With genuine independents looking like a forlorn hope under the current ACT self government arrangements, and with the established parties in the Legislative Assembly presumably happy to keep things that way, it might be worth looking at modifications to those arrangements which introduce, as an alternative or sorts, some degree of genuine participatory democracy (as opposed to the fake consultative processes which have become a performative art form in this town).

The Wikipedia article on the subject of participatory democracy includes some ideas which could be adapted for use in the ACT and thus, perhaps, be adopted by an ACT Opposition which is still light on policy, particularly of the sort which might appeal to the progressive sentiment of the many ACT voters who have noted that the ACT government’s enthusiasm for change and reform wanes notably when it comes to open and accountable government.

GrumpyGrandpa1:58 pm 01 Oct 23

With Hare Clarke, a party system is almost a necessity, meaning you’d need a party of Independent candiates, all preferencing each other.

The problem as I see it is finding enough Independents that are prepared stand “to keep the bastards honest”, as opposed to have leaning towards one of the dominate parties.

There is no point voting in an Independent, if aren’t truly Independent.

Yes, I echo others thoughts, Hare Clark and the way the major parties have set up the electorates make it harder for independents to get across the line.

We would definitely benefit from greater independent representation.

Voting implies legitimacy.

The problem for Independents is the Hare Clark voting system. The majority of the candidates have no name recognition which is an important requisite.

Independent Fiona Carrick who ran in Brindabella at the 2020 election was a quality candidate with name recognition.
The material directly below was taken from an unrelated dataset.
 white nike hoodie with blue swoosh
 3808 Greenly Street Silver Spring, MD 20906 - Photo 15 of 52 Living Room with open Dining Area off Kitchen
She did exceptionally well in first preferences coming in fourth in the popular vote in the final count. This was well ahead of Giulia Jones and Emma Davidson who were elected on their party’s preferences. Ms Carrick lost out again when Giulia Jones stepped down and a count back saw her lose to Ed Cocks on his party’s preferences.

Mr Cocks came in tenth on the first preference votes with 1,125 less than Ms Carrick at the election. It must have been tremendously disappointing for Ms Carrick and her supporters.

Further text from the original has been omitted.